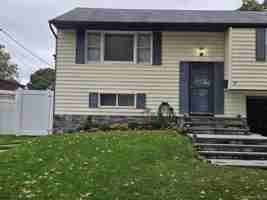 featured image of 38 Ripley Dr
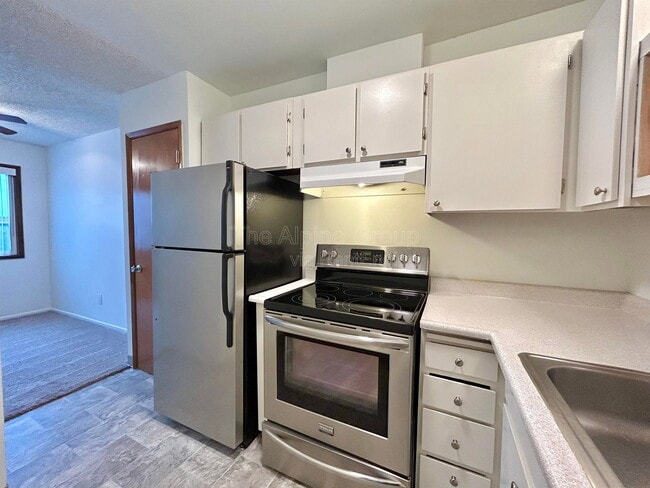 Photo - 6080 SW Valley Ave Apartment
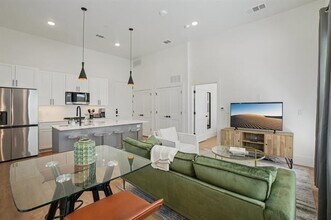 6418 Maple Ave in Dallas, TX - Building Photo - Building Photo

Problem to work on: Beginning with the line that bears "Photo - 6080 SW Valley Ave Apartment", output each line through the last line of the listing exactly, and no others; skip the pictures.

Response to this task:
 Photo - 6080 SW Valley Ave Apartment
 6418 Maple Ave in Dallas, TX - Building Photo - Building Photo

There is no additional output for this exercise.